__TASK TO CARRY OUT__. In the records below, the relevant part opens with the line containing "VS Mani & Co" and closes with the line containing "Tank Top Hanger, Rotatable"; print that part exactly and only, without its pictures.

__SUPPLIED MATERIAL__.
= Beginning of Section =

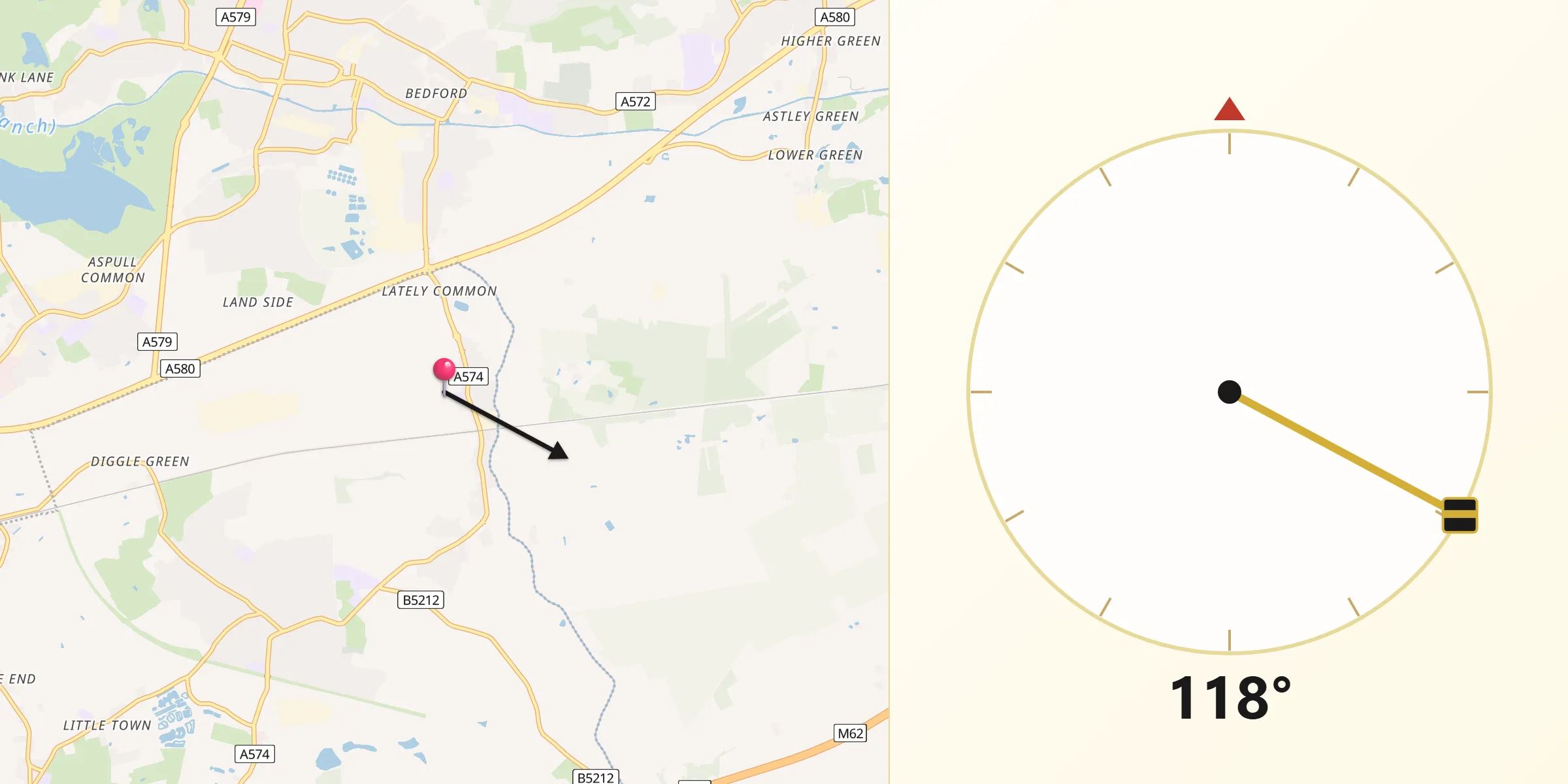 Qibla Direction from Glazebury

= End of Section =
= Beginning of Section =

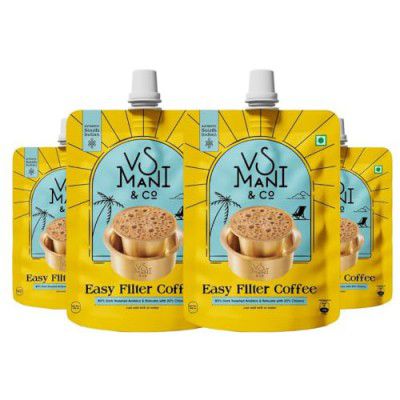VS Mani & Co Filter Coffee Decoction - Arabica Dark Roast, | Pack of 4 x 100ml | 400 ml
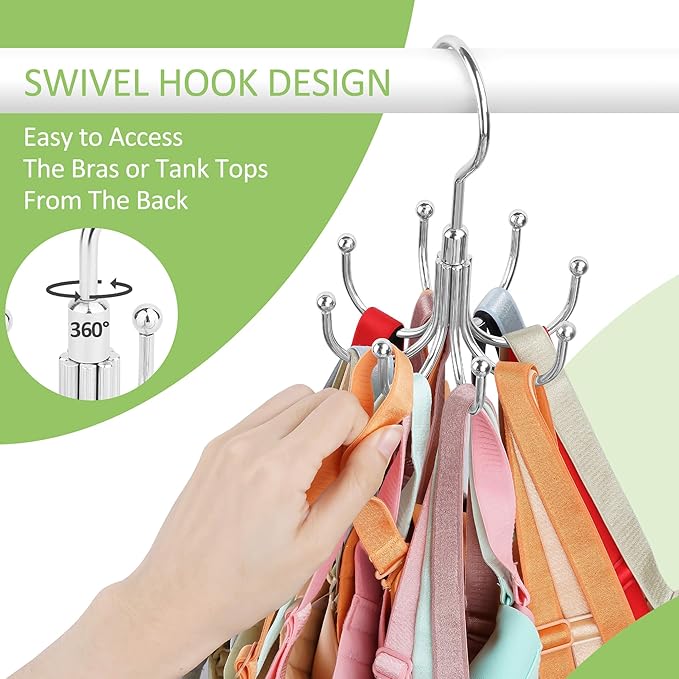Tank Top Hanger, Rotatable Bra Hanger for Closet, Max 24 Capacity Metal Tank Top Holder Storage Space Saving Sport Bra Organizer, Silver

= End of Section =

__TASK ANSWER__.
VS Mani & Co Filter Coffee Decoction - Arabica Dark Roast, | Pack of 4 x 100ml | 400 ml
Tank Top Hanger, Rotatable Bra Hanger for Closet, Max 24 Capacity Metal Tank Top Holder Storage Space Saving Sport Bra Organizer, Silver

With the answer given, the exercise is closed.